Exercise instructions – Repeat the listing exactly. Any picture in it should be left out of the copy.

-- Data in this exercise follows --

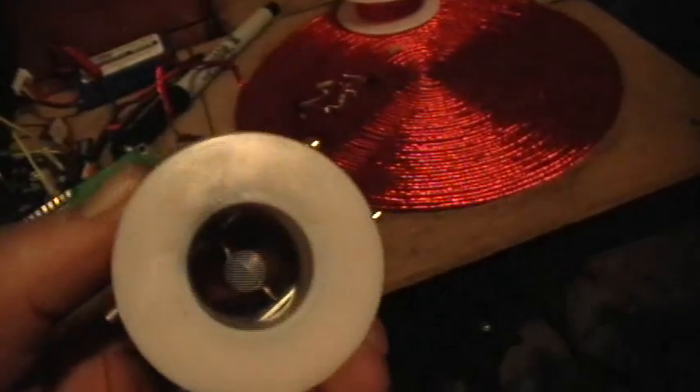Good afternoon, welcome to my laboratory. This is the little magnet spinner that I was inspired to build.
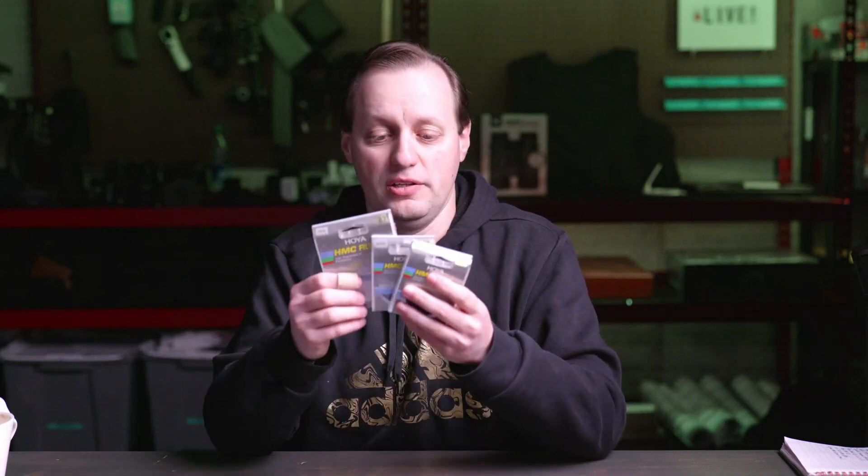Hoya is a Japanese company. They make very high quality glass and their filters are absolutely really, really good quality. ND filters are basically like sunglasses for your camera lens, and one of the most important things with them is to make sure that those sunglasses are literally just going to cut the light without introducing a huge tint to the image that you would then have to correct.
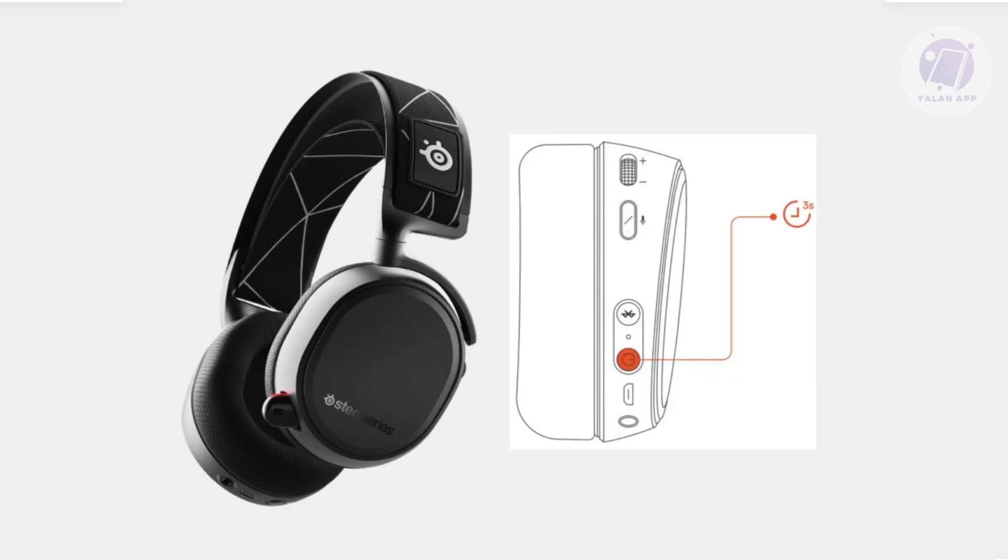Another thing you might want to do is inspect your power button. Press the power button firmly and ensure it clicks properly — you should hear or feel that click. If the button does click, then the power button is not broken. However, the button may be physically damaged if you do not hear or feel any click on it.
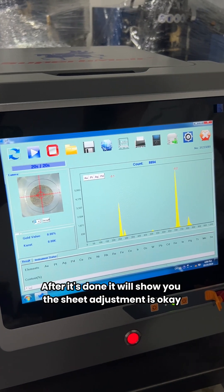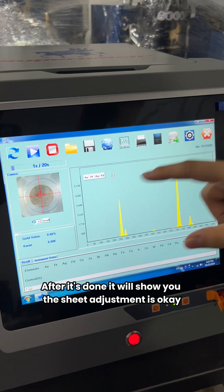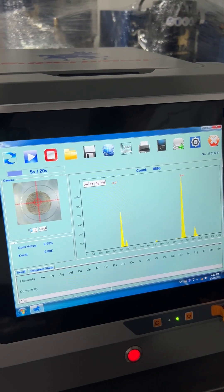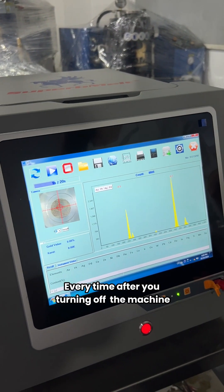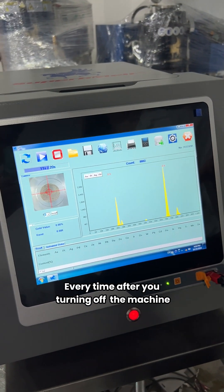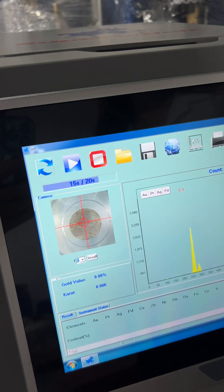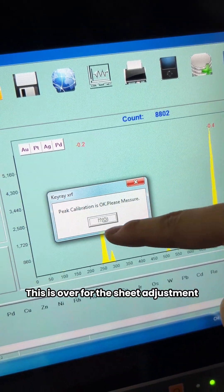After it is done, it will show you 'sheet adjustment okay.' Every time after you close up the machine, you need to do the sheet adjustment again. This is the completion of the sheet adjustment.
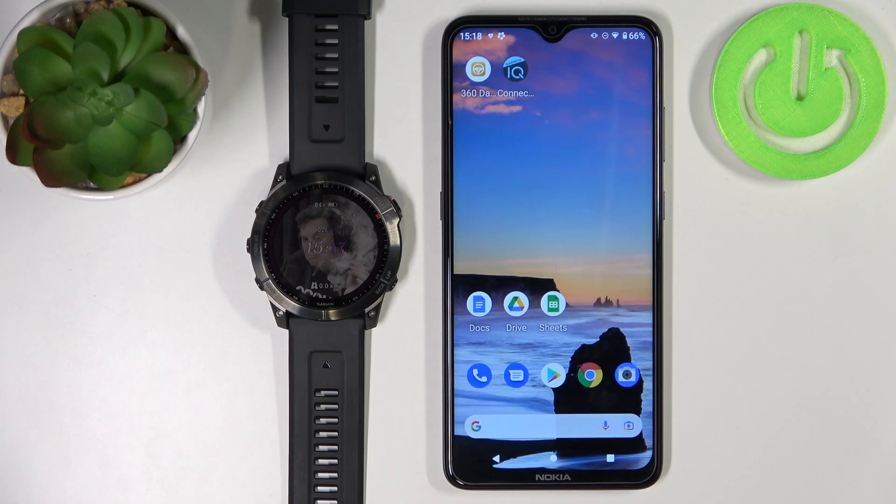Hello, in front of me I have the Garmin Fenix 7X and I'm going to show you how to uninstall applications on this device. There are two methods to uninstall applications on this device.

-- Data in this exercise concluded --

Result of the exercise –
Good afternoon, welcome to my laboratory. This is the little magnet spinner that I was inspired to build.
Hoya is a Japanese company. They make very high quality glass and their filters are absolutely really, really good quality. ND filters are basically like sunglasses for your camera lens, and one of the most important things with them is to make sure that those sunglasses are literally just going to cut the light without introducing a huge tint to the image that you would then have to correct.
Another thing you might want to do is inspect your power button. Press the power button firmly and ensure it clicks properly — you should hear or feel that click. If the button does click, then the power button is not broken. However, the button may be physically damaged if you do not hear or feel any click on it.
After it is done, it will show you 'sheet adjustment okay.' Every time after you close up the machine, you need to do the sheet adjustment again. This is the completion of the sheet adjustment.
Hello, in front of me I have the Garmin Fenix 7X and I'm going to show you how to uninstall applications on this device. There are two methods to uninstall applications on this device.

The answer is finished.